This library seeks to fully, effectively and simply recreate lightweight Javascript-style promises in Rust.

rust-promises offers all the features of Ecmascript 6 promises plus a few Rust methods from Result<T, E>, implemented using the std::thread API and Rust's asyncronous Sender and Receiver.

Examples

TODO (after adding some Result methods to Promise).

Why?

Promises are an excellent building block for asyncronous programming. They're a great way to build an asyncronous library, and also a small dependency for existing code.

Javascript's promises were adapted from promises in a programming language called E, which has a very powerful distributed computing architecture using message passing.

Rust's std::sync::mpsc::{Sender, Receiver} provide a way to build such an architecture (and promises) from Rust's safe threading systems.

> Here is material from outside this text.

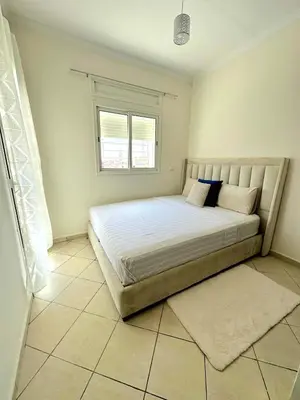 a bedroom with a large bed with a window at Appartement avec piscine Bouznika in Bouznika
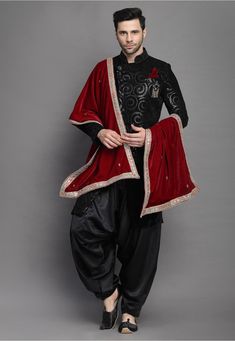 Velvet Sherwani in Black This Readymade attire is Enhanced with Buttons, Resham, Sequins and Beads Work. Crafted in Chinese Collar Neck and Full Sleeve Available with a Satin Crepe Salwar  in Black Do note: Brooch, Dupatta and Footwear shown in the image is for presentation purposes only. Half to one inch may vary in measurement. In case you want to purchase the Dupatta (WEBSITE ITEM CODE: MXX298). (Slight variation in actual color vs. image is possible) Embroidered Churidar For Ceremonial Occasions, Anarkali Sherwani For Festive Traditional Ceremonies, Festive Anarkali Sherwani For Traditional Ceremonies, Anarkali Style Sherwani For Diwali Ceremonies, Anarkali Style Sherwani For Diwali, Ceremonial Anarkali Salwar Kameez For Eid, Anarkali Sherwani With Pallu For Traditional Ceremonies, Traditional Black Bandhgala With Resham Embroidery, Anarkali Sherwani With Zari Work For Traditional Ceremonies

Oh great, another promise library

There are currently 5 asyncronous libraries on crates.io which offer promises or futures. However they all have problems:

  • They are all in beta and unstable, with versions < 0.5 (like this library right now...)
  • Some of them are larger async libraries. They require programming within event loops, or are designed for specific scenarios. If you want a whole async library for a specific type of programming, go use those.
  • The rest are variations on the promise concept, i.e. returning a (Future, Promise) pair from Promise::new(). If you know how to use that, go to those libraries, I guess.